Input material →
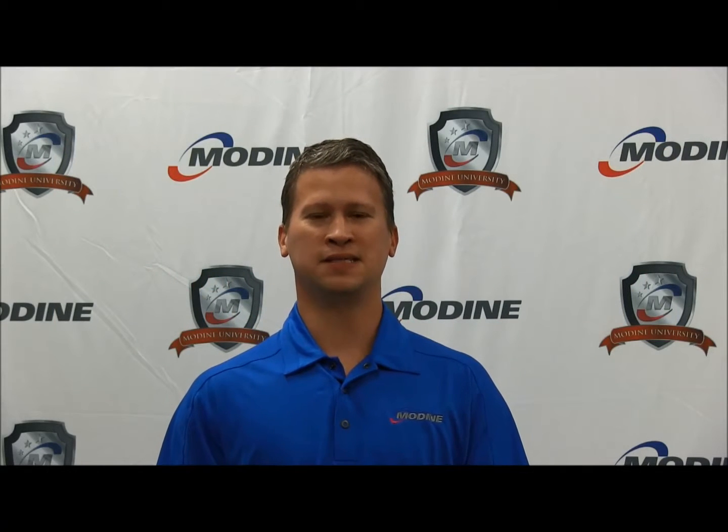Hi, my name is Steve Wooschke. I'm a Senior Service Engineer with Modine Manufacturing. Today we will cover the fittings used to connect a Modine geothermal heat pump.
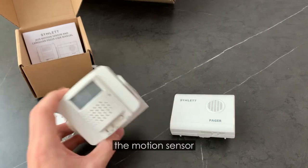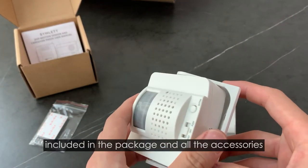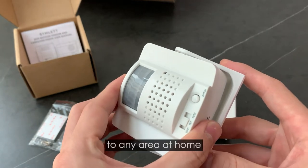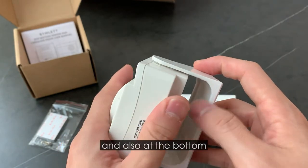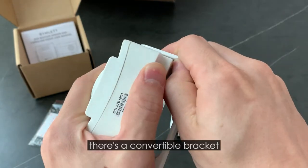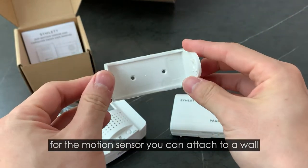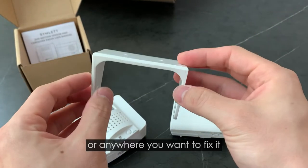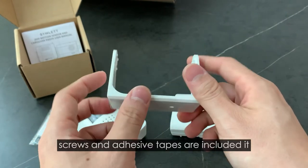The motion sensor has three AA batteries, all included in the package, along with all the accessories for you to attach it to any area at home. At the bottom there's a convertible bracket for the motion sensor — you can attach it to a wall or anywhere you want to fix it. The screws and adhesive tapes are all included.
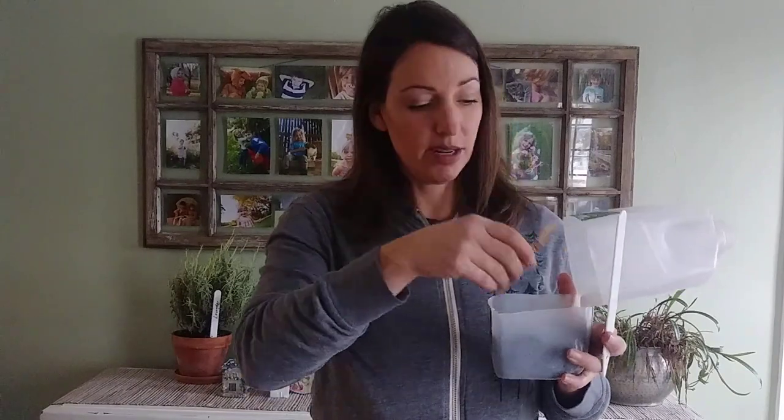Now I'm going to take a plant marker — you can use a plastic one or a wooden one like this. I write on it with a Sharpie: what the plant is and what day I planted it, then stick it right in there. Some people have tried to write on the milk jug, but by the time spring comes those words won't be there anymore and you'll have no idea what you planted. So make sure you mark it and put that on the inside.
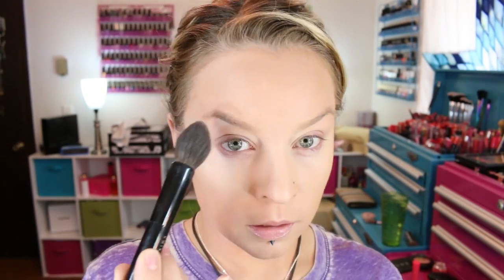I'm going to start out with this highlighter right here. The shade is called Champagne, and I'm just going to use that on a Chikuhoto highlight brush. I'm just going to dip the tip in here and go ahead and highlight my cheekbones, a tiny bit above the tip of the brow, right there, a little bit above the lip, and the chin.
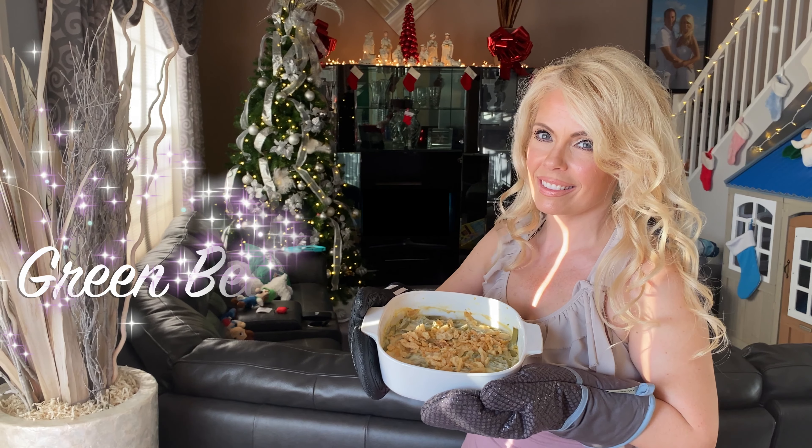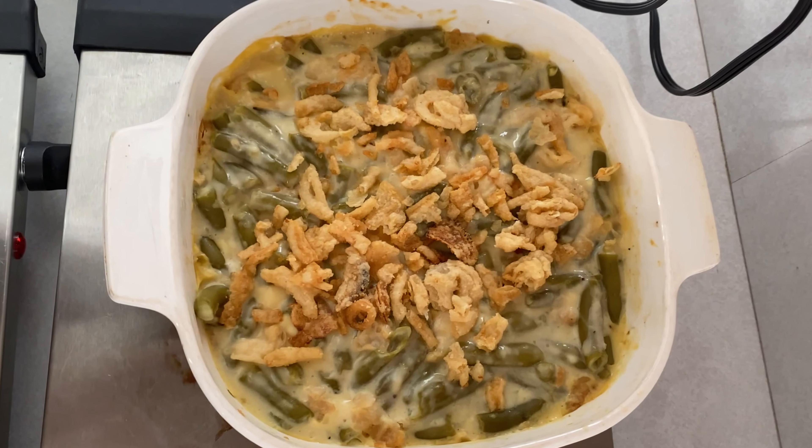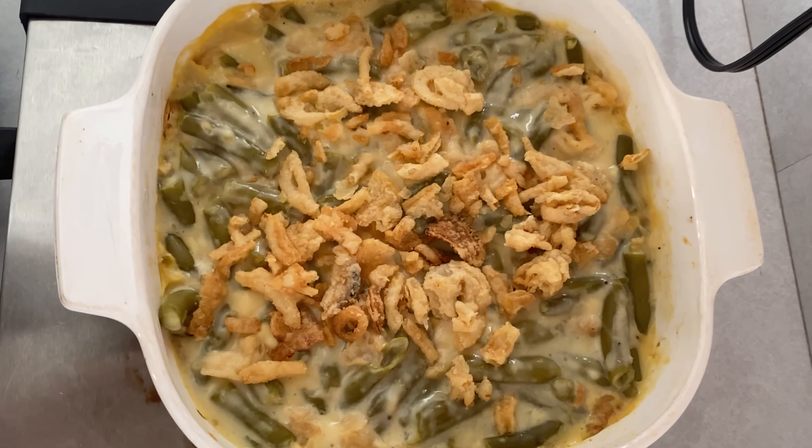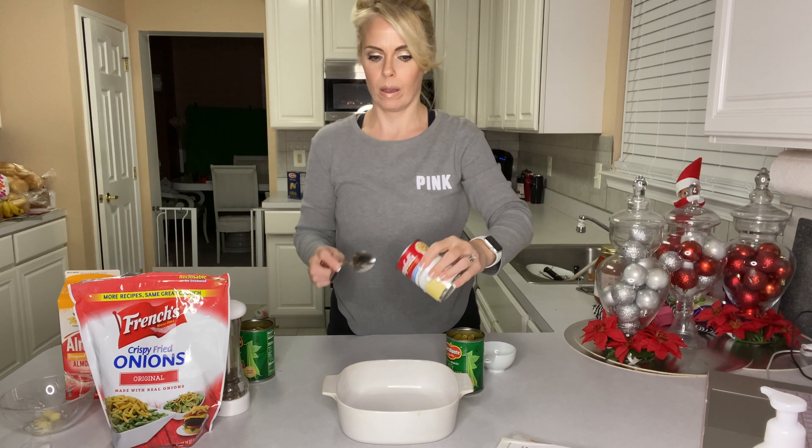Hey guys, today I wanted to share one of my favorite holiday recipes — French's green bean casserole. Not only is it so easy to make, I think my favorite part aside from it being delicious is that you can prepare it the day before you need it and just bake it 30 minutes before you need it on the table.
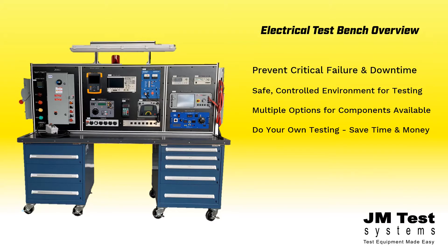Manufactured with high-strength corrosion-resistant aluminum framing, high-impact Kydex panels, durable PVC, and hard-wearing Formica laminate, a JM Test Systems electrical test bench is built to last.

Activity → Pictures are not part of the copy. Reproduce the lines from the one with "Hey guys, today" through the end of the listing above.

Expected answer →
Hey guys, today I wanted to share one of my favorite holiday recipes — French's green bean casserole. Not only is it so easy to make, I think my favorite part aside from it being delicious is that you can prepare it the day before you need it and just bake it 30 minutes before you need it on the table.
Manufactured with high-strength corrosion-resistant aluminum framing, high-impact Kydex panels, durable PVC, and hard-wearing Formica laminate, a JM Test Systems electrical test bench is built to last.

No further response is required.